自分たちの非才をもってこのような次第となったのは勿論である。だが、最近の情勢を顧みれば、「道理に依りて事を成す」ことは不可能である。この上は「将軍職を辞」される外ない。自分も「道理の行われさる世」にあって重職を汚すつもりはないので速やかに辞職する覚悟である

<ヒロ>
ここでは明確ではないのですが、春嶽のいう将軍辞職は政権返上とセットになっています(こちら)。将家茂がどこまで理解したか不明です・・・。

○おさらい
将軍に先立って上京していた後見職一橋慶喜と総裁職松平春嶽春嶽は、長州藩を後ろ盾にする尊攘急進派の勢力を覆すことができず、それどころか、実行不可能な攘夷の期限を将軍滞京10日・帰府後20日以内と約束し(こちら)、さらには期限は4月中旬だと回答していました(こちら)。また、浪士の横行も、朝廷が「暗に其所為を庇護」するため、幕府が処置することは容易にもかかわらず、放置せねばならない状況でした。
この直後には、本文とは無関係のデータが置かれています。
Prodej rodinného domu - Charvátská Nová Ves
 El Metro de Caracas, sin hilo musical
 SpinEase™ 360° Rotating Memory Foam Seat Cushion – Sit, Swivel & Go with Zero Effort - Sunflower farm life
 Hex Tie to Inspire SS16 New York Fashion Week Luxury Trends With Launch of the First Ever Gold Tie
慶喜と春嶽は、事態を打開するには大政委任(政令帰一)か政権返上しかないという点で一致し(こちら)、2月21日、関白鷹司輔熙に二者択一を迫りましたが、関白らは、「蔭武者」を後ろ盾にする急進派の「激論」を挙げて自信がないといい、御前会議開催を求めても自分たちだけでは判断できないと難色を示しました。このとき、関白は将軍上洛時には大政委任の沙汰があるよう計らうと述べましたが(こちら)、春嶽はまともにとらなかったようです。

失望した春嶽は、2月30日に重臣たちに進退を協議させた結果、将軍上洛後に辞表を提出することを決めていました(こちら)

参考:『続再夢紀事』一p399-400、『横井小楠 儒学的正義とな何か』(2004.4.22)
関連:■テーマ別文久2年:「国是決定:奉勅攘夷VS開国上奏」文久3年「攘夷期限」「政令帰一(大政委任か政権返上か)問題」■開国開城:「後見職・総裁職入京-公武合体策挫折と攘夷期限」「将軍家茂入京-大政委任問題と公武合体策の完全蹉跌」■「春嶽/越前藩」「事件簿文久3年
■浪士対策
【京】文久3年3月3日、朝廷は、後見職一橋慶喜・総裁職松平春嶽に江州に集結する浪人の取り締まりは穏便にするように申し入れました。

伝奏からの達文は以下の通り
<江州八幡へ浮浪の者共が集会しており、捕縛の人数を差し出すという風聞もあるが、右の者らは元々有志の輩であるとのことであり、穏便の処置があるよう其の筋へ下知あるようにと関白殿が命ぜられたので、申し入れる>(口語訳by管理人)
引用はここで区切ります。